Computerized ECG analysis and visualization

Patients underwent noninvasive programmed stimulation (NIPS) using their ICD (details in Supplemental Appendix, section I) and recorded by an electrophysiology recording system. ECG data were analyzed using a proprietary computational ECG mapping algorithm (written in Python; Python Software Foundation, Beaverton, OR) and displayed on a 3-D heart model (Blender; Blender Foundation, Amsterdam, Netherlands). The automated mapping algorithm analyzes the vectorcardiographic data from the patient’s 12-lead ECG and computes the probabilistic locations derived from electroanatomic biventricular computer models. Patient-specific factors such as location of scar, ventricular dilation, and hypertrophy are factored into the mapping process, if such data are available. The VT exit sites are also automatically assigned the corresponding cardiac segments within both the left (LV) and right ventricles (RV), based on prior work using a 30-segment ventricular model. Further details describing the algorithm are located in section I of the Supplemental Appendix.

Mapping assessment and comparison to manual QRS morphology algorithm

When available, computed VT exit sites were compared with the results of invasive electrophysiology study from prior unsuccessful catheter ablation attempts.

Accuracy of the computational ECG algorithm was assessed by determining if the computed VT exit sites were in the same cardiac segment (using the 30-segment ventricular model) as the VT exit sites by invasive mapping for matched VT morphologies (same QRS morphology in 12 of 12 ECG leads).

For comparison, we also analyzed VT QRS morphologies using a contemporary manual QRS morphology algorithm by Andreu and colleagues and determined the segment of origin for each VT.

SAbR therapy planning

Three-dimensional maps displaying the VT exit sites were exported for therapy planning (Graphical Abstract, left panel). High-resolution (0.625 × 0.5 × 0.5 mm), dose modulated, cardiac-gated computed tomography (CT) scans (Revolution CT; GE Healthcare, Chicago, IL) were obtained to identify potential arrhythmogenic substrate, defined as wall thinning <5 mm (Supplemental Figures S1–S3). Data from other imaging modalities including cardiac magnetic resonance imaging (MRI), nuclear sestamibi, and prior voltage mapping were also integrated into a comprehensive assessment of LV substrate, and final target volumes were contoured onto the cardiac CT and then transferred onto the radiation simulation CT per protocol (Graphical Abstract 1, middle left panel). Efforts were made to integrate target regions for VTs exiting from a common central scar to create a continuous lesion, anchored to nonconducting structures when feasible.
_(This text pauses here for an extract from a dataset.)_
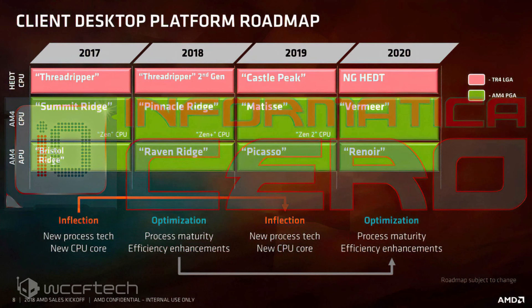We've already heard some extremely tantalizing things about Vermeer, including huge IPC gains and iterative performance far outpacing Intel's 14nm on both compute and gaming sides.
Preprocedural assessment of respiratory motion

Both the magnitude of cardiac respiratory motion and proximity of the VT target to the gastrointestinal (GI) system were assessed using both the simulation 4D-CT and NIPS fluoroscopy to determine the need for respiratory gating. Respiratory gating was used when either the proximity of the VT target to a GI structure was ≤2.0 cm or respiratory motion of the closest intracardiac fiducial (ICD or coronary sinus [CS] lead tip) was ≥0.6 cm in the cranial-caudal axis during normal breathing (Graphical Abstract, middle right panel). These cutoff values were derived from prior studies analyzing ranges of cardiac motion during respiration. The full respiratory-gating protocol is detailed in the Supplemental Appendix, Section II.
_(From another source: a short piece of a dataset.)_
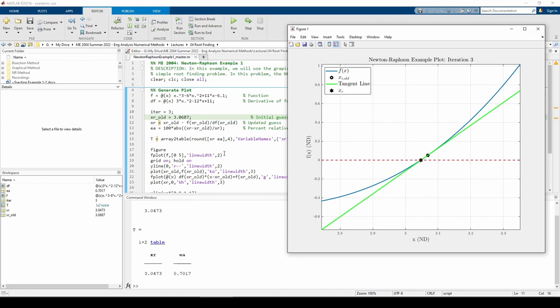Now it looks like the root estimate is pretty dang close to the true value of the root. The percent relative error is becoming pretty small, which indicates that further iterations will not be as much of an improvement over the last.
Respiratory gating during SAbR delivery

For patients assigned to respiratory gating, radiation therapy was delivered during a prespecified window at end-expiration using an external optical surface tracking system to evaluate thoracic motion (AlignRT; Vision RT, London, UK).

For patients not assigned to respiratory gating, therapy was delivered throughout the respiratory cycle (free-breathing). In both groups, radiation therapy was interrupted during irregular respiration patterns (eg, large inspiration, coughing).
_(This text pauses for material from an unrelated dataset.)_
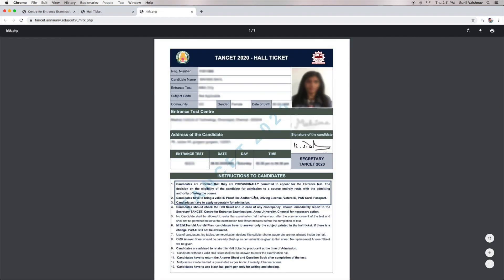Finally, students can download the Admit Card of TANCET 2020. After checking all the details on the Hall Ticket, candidates are advised to download and take its printout.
Fluoroscopic imaging was used intermittently to verify that the fiducials were correctly aligned with the planning fiducial contours drawn on simulation scan. The fiducials used in this study were radiographic features such as an ICD or CS lead tip used to help confirm the alignment of the patient at end-expiration. We used the ICD lead tip as the primary fiducial for all study patients and the CS lead tip as a secondary fiducial in a subset of patients.

Radiation (6 MV, 25 Gy) was delivered in a single fraction using a linear accelerator (TrueBeam; Varian, Palo Alto, CA). Details of retrospective respiratory and cardiac cycle motion analysis is included in the Supplemental Appendix, sections III and IV.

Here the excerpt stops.